SACCO Internal Auditor – AI Blueprint

A concrete end‑to‑end plan to design, build, and deploy an AI assistant for a SACCO’s Internal Audit function.

Version 1.0 (HTML)

1) Objectives & Target Outcomes

Primary goals

Detect and prioritize high‑risk transactions, accounts, branches, and processes for audit testing.
Automate continuous controls monitoring (CCM) and generate exception reports with explanations.
Shorten audit cycles by pre‑populating working papers with AI‑derived findings and evidence trails.
Provide transparent, defensible reasoning aligned with audit standards (documentation, reproducibility).

Measurable outcomes (first 90–120 days)

≥70% precision in top‑K flagged items (e.g., top 1,000 monthly events).
≥30% reduction in manual sampling time.
"Time‑to‑detect" reduced by ≥50% for recurring anomalies.
100% decision traceability: every alert has features, rules, model version, and data lineage captured.

2) High‑Value Audit Use Cases

Transactions & Payments
- Duplicate/round‑sum payments, weekend/after‑hours postings, rapid reversals, manual overrides, off‑cycle journals.
- Benford’s Law deviations across GL and vendor payments.
Loans & Credit
- Ghost members, related‑party loans, unusual restructuring, delinquency risk, staging anomalies (IFRS 9 context).
Savings & Member Accounts
- Structuring/smurfing patterns, linked accounts, abnormal cash‑in/cash‑out velocity.
Vendors & Procurement
- Shell vendors, split purchases below approval thresholds, outdated KYC/CRB, conflicts of interest.
Channels & Ops
- Teller overrides, mobile/app anomalies, device/location mismatch, insider risk signals.
Policy Compliance (NLP)
- Scan narratives/emails/tickets for policy breach indicators and missing documentation.

3) Data Sources & Minimum Viable Dataset (MVD)

Core systems: GL, loan origination/servicing, savings, payments, treasury/cash.
Reference: Chart of accounts, product catalog, approval matrices, KYC/CRB, HR (roles, org, leave), vendor master, branch list.
Operational: Access logs, device/geo, exception logs, ticketing, audit findings history.
External (optional): Credit bureau signals, sanctions lists (for name screening), public registries for vendor due diligence.

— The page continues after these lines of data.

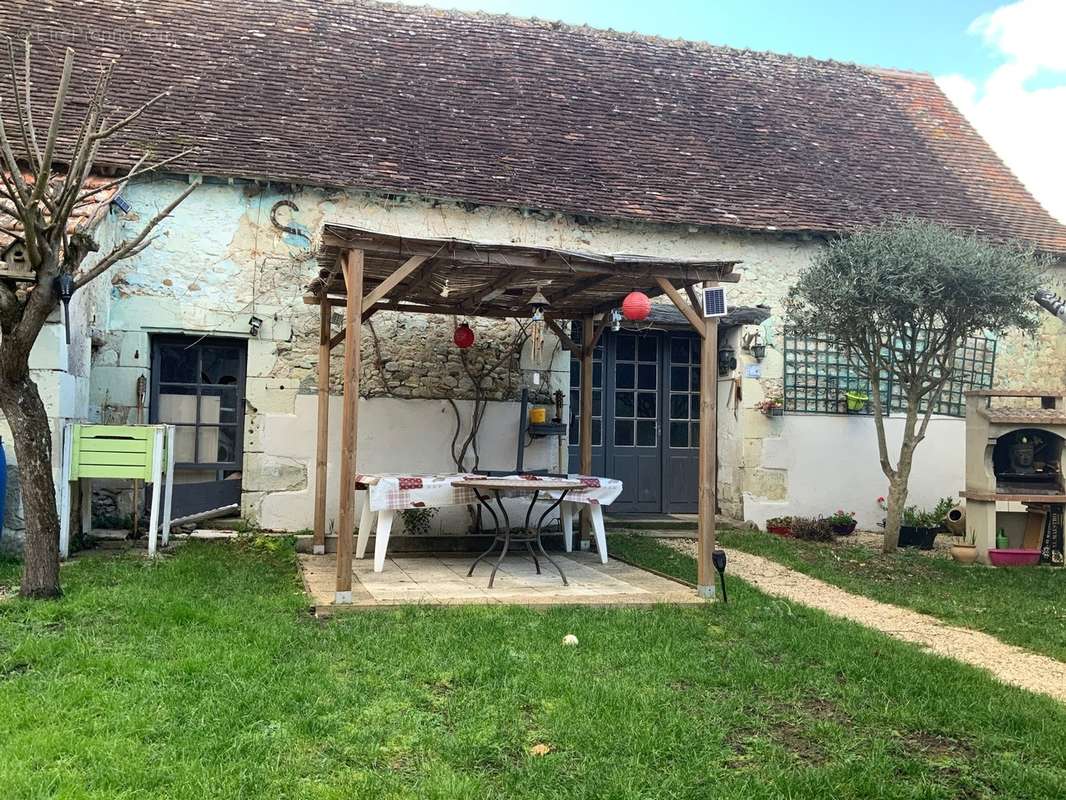 Maison à YZEURES-SUR-CREUSE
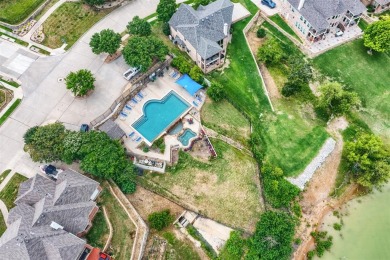 Step inside this charming, timeliness and beautiful maintained on Stewart Peninsula Golf Course in Texas - for sale on GolfHomes.com, golf home, golf lot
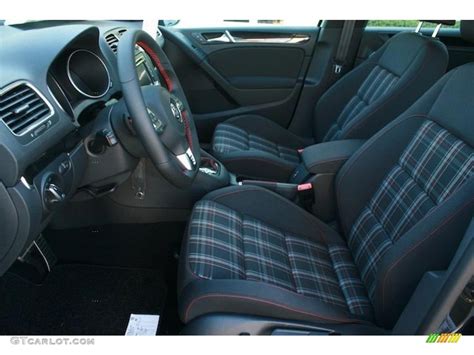 Interlagos Plaid Cloth Interior 2011 Volkswagen Gti 4 Door Photo 37635976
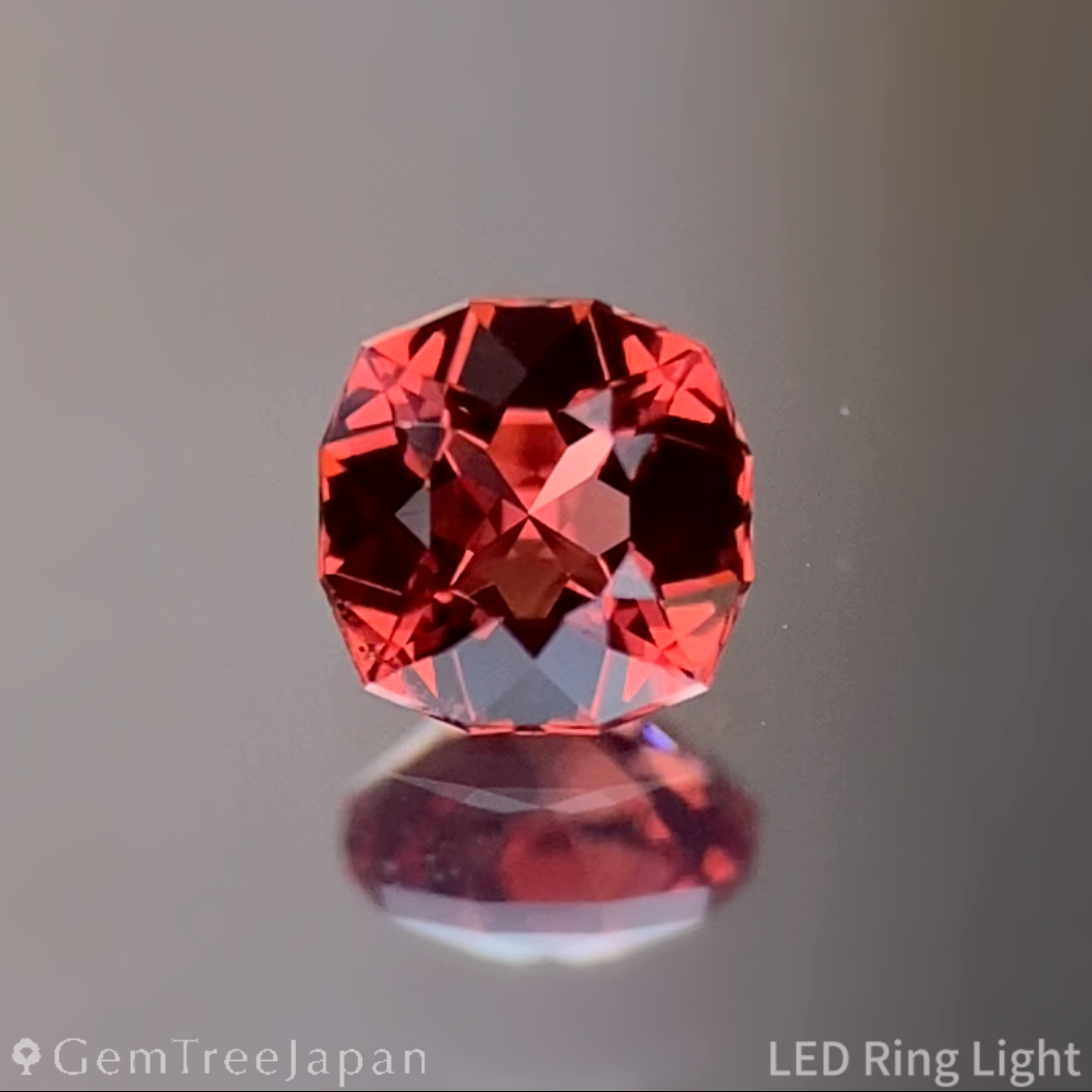 Orange Spinel 0.209ct / Vietnam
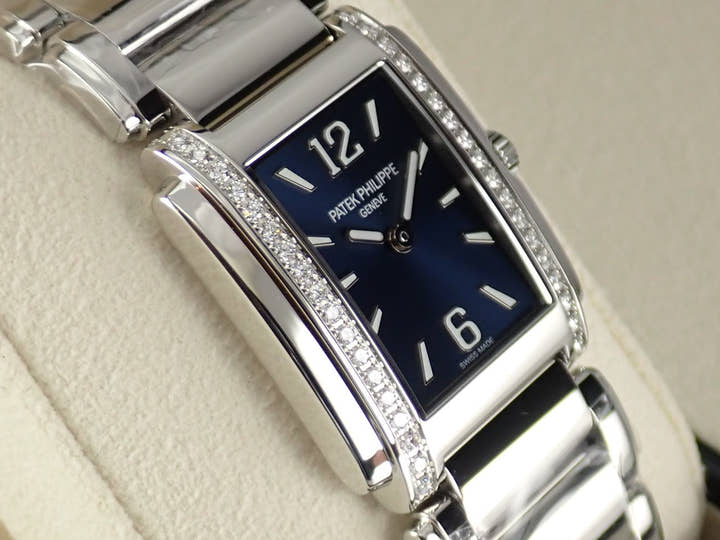 Patek Philippe TWENTY-4 Ref.4910/1200A-001 Blue Soleil Dial Unused twenty4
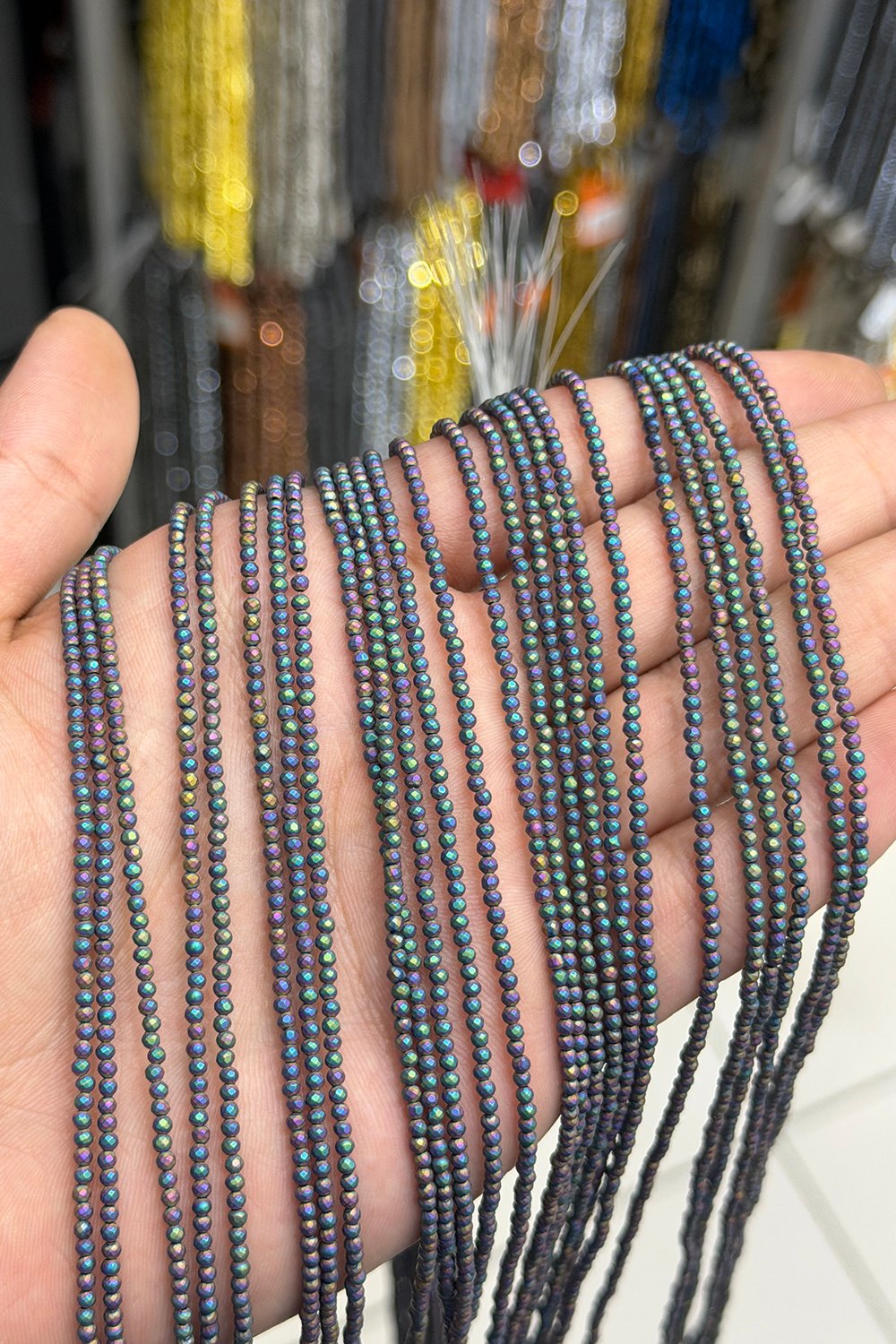 Hematit Taşı Küre Faset Kesim 2mm- Mat Gökkuşağı Doğal Taş Dizi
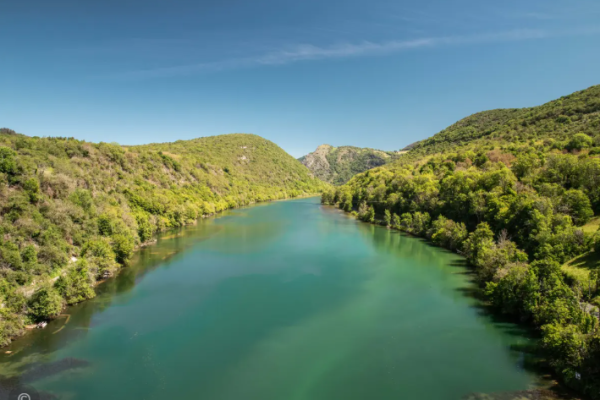 Vallée de l'Ain Vallée de l'Ain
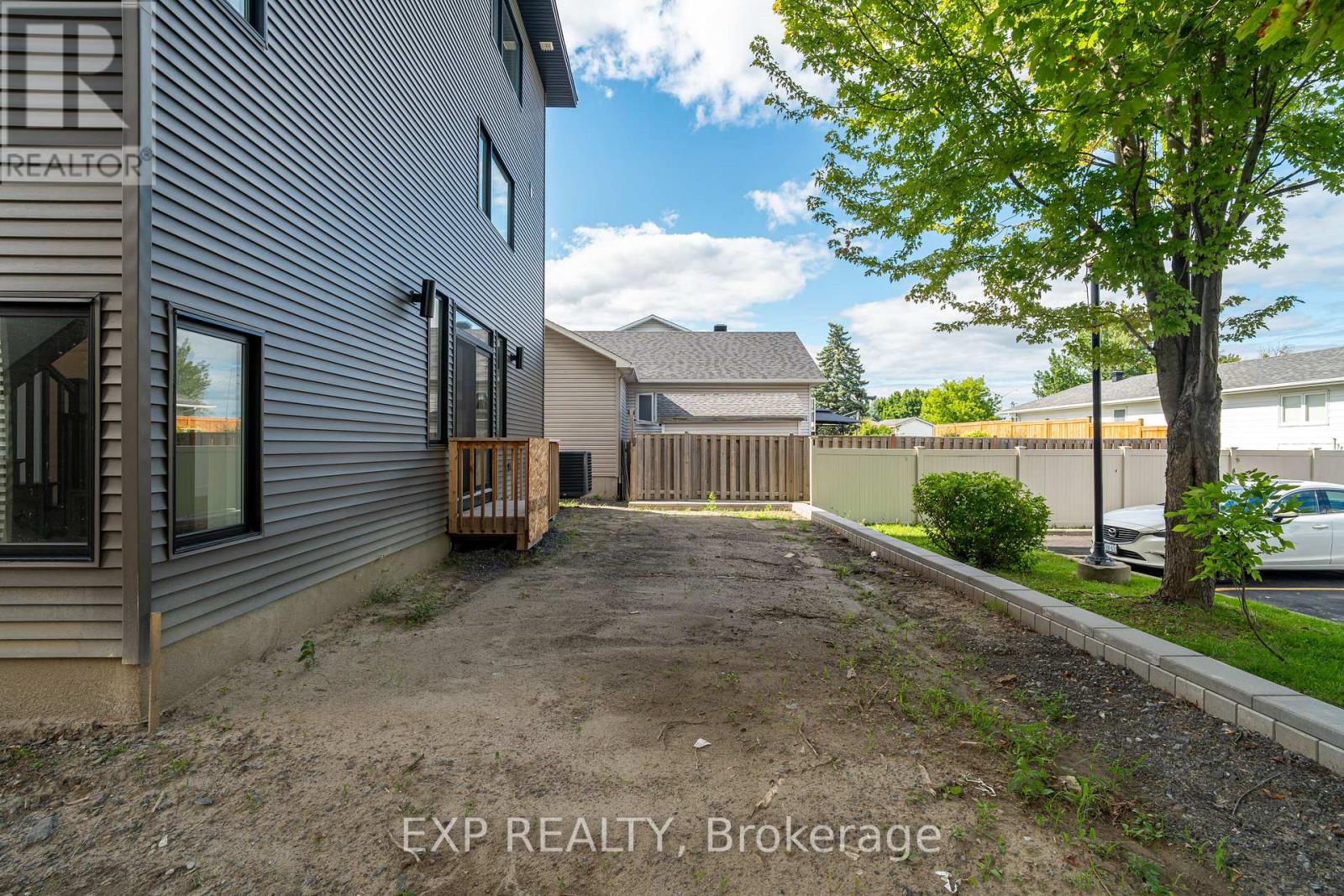 Photo 27 of 489 Duvernay Drive, Ottawa ON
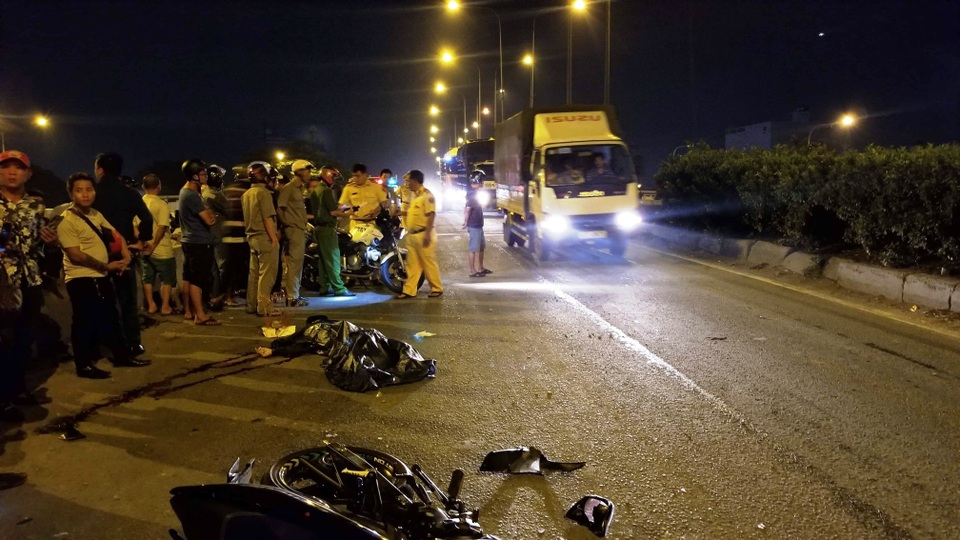 Chạy vào làn ô tô trên cầu vượt, nam thanh niên tông xe container tử vong - 2 Chạy vào làn ô tô trên cầu vượt, nam thanh niên tông xe container tử vong - 2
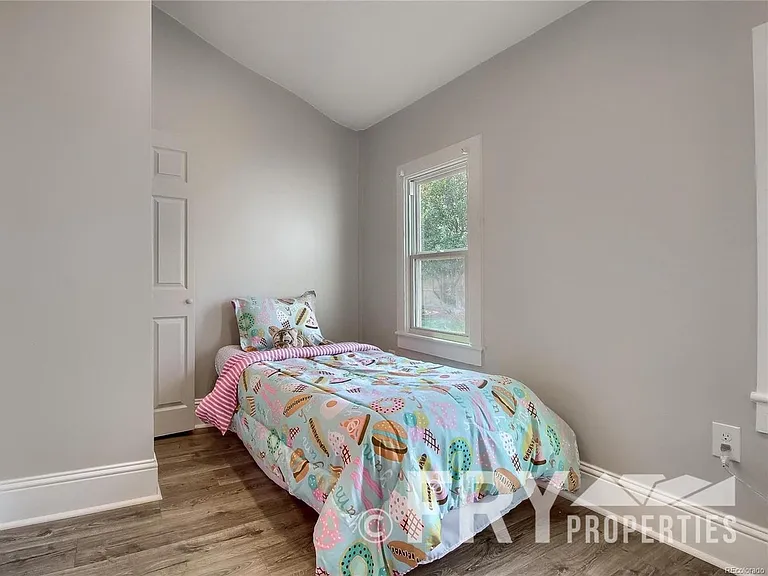 725 S Lincoln St #A — Photo 13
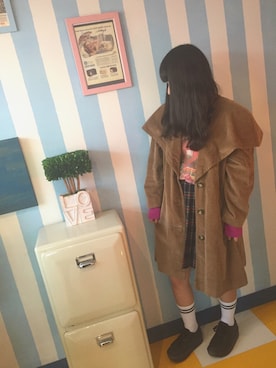 「カフェ」｜「アイテム（ダウンジャケット/コート）」を使った、せい奈さん（レディース・158cm）の冬コーディネート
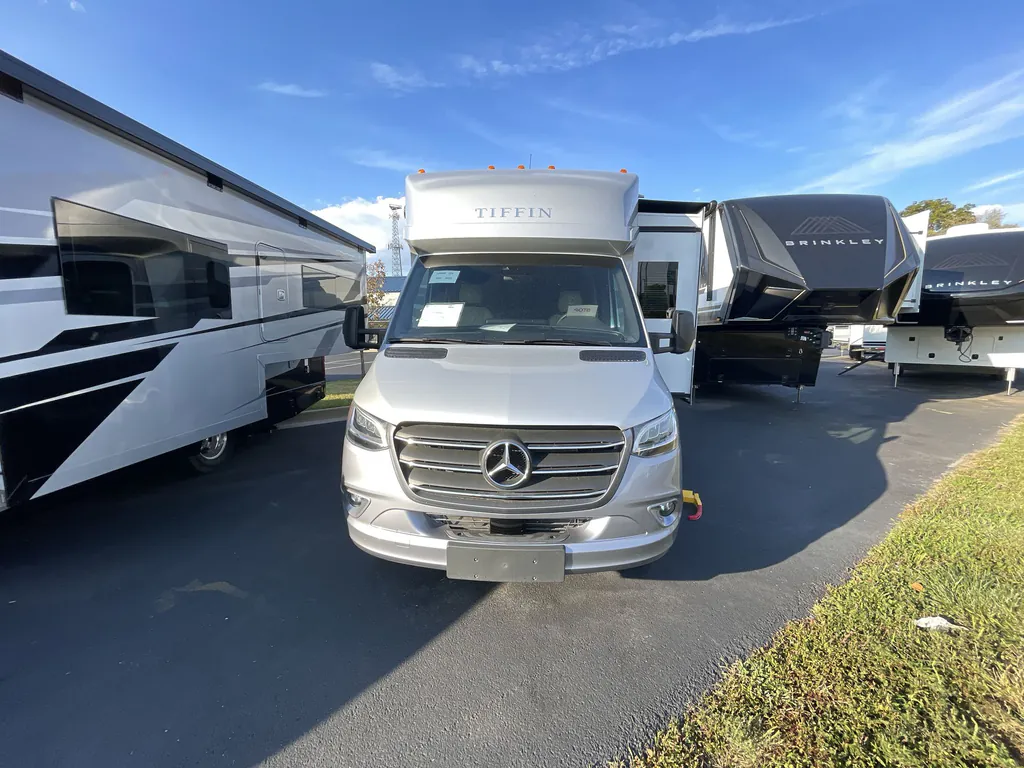 2026 Tiffin Wayfarer 25 XRW, Photos photo 7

Data window: 24–36 months history where possible; minimum 12 months for seasonality.

PII handling: Tokenize member IDs; keep reversible mapping in a secure vault for investigations.

4) Features & Red‑Flag Indicators (Examples)

Transaction‑level

Amount z‑scores by member/product/branch, proximity to approval thresholds, round amounts, weekend/holiday flags, velocity (n events in Δt), rapid reversals, teller overrides, manual GL journals.

Benford & Ratio tests

First‑digit distribution tests, expense ratios vs budgets, duplicate invoice numbers/amount+date collisions.

Behavioral & Network

Device/IP reuse across unrelated members, shared contacts/bank accounts, graph motifs (e.g., small cycles) among members, staff, vendors.

Credit risk

PD/EAD/LGD features, days‑past‑due dynamics, restructuring frequency, staging jumps, collateral valuation gaps.

NLP signals

Missing documents noted in case notes, phrases indicating urgency/bypass, sentiment spikes in complaints.

5) Model Portfolio (Complementary, not either/or)

Rules & Controls (Deterministic)
- Encodes policy and regulatory thresholds; fast and explainable; seeds labels for ML.
Unsupervised anomaly detection
- Isolation Forest / One‑Class SVM for transaction outliers.
- Time‑series: Seasonal‑Hybrid ESD, STL residual anomalies on volumes/amounts.
Supervised risk scoring (where historical cases exist)
- Gradient Boosted Trees (XGBoost/LightGBM) or Logistic Regression with monotonic constraints for stability.
Graph analytics
- Community detection, link prediction for collusion/related parties.
NLP
- Domain keyword patterns + lightweight transformer (e.g., MiniLM) for policy‑breach classification; zero‑shot for cold‑start.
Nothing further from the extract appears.